The Masdar Initiative
Begun in 2014, the Foster + Partner Masdar City project remains ongoing and is being constructed in stages. The aim is to combine state-of-the-art technologies with the planning principles of traditional Arab settlements. Foster said of the project: "The environmental ambitions of the Masdar Initiative - zero carbon and waste free - are a world first. They [the Abu Dhabi government] have provided us with a challenging design brief that promises to question conventional urban wisdom at a fundamental level. Masdar promises to set new benchmarks for the sustainable city of the future".
The project is a specific response to the city's location and climate.

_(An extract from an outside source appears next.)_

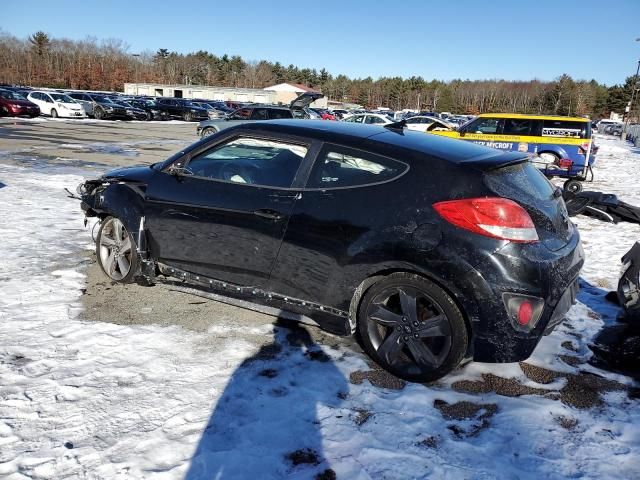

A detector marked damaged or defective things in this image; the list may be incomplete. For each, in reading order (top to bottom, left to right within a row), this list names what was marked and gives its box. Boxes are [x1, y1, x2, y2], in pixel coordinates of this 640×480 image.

wrecked vehicle [76, 120, 584, 382]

The 640-hectare desert community is a key component of the Masdar Initiative and was launched by the Abu Dhabi government "to advance the development of renewable energy and clean-technology solutions for a life beyond oil". As seems fitting, the project has become home to the headquarters the International Renewable Energy Agency.
Masdar is linked to the adjoining Abu Dhabi communities and transport infrastructure though the city itself is the first community in the world to operate without fossil-fuelled transport. Never more than 200 meters from the nearest transport links, the estimated 50,000 denizens of Masdar will be encouraged to move about the city on foot while the shaded city streets and public spaces offer community hubs sheltered from the extremes of the desert heat. Divided into two sectors, the walled city is designed in a way that will avoid the "sprawl" that effects most urban areas. But the area surrounding the inner city - "the suburbs" for want of a better term - will contain wind and photovoltaic farms, research fields and plantations, enabling Masdar to become totally energy self-sufficient. Though designed specificly in mind to the city's geo-location, Masdar is intended to function as blueprint for self-sustained cities anywhere in the world. Now in his 86th year, Foster's boundless ambition shows no sign of abating as he has turned his thoughts now to the problem of revitalizing slum housing.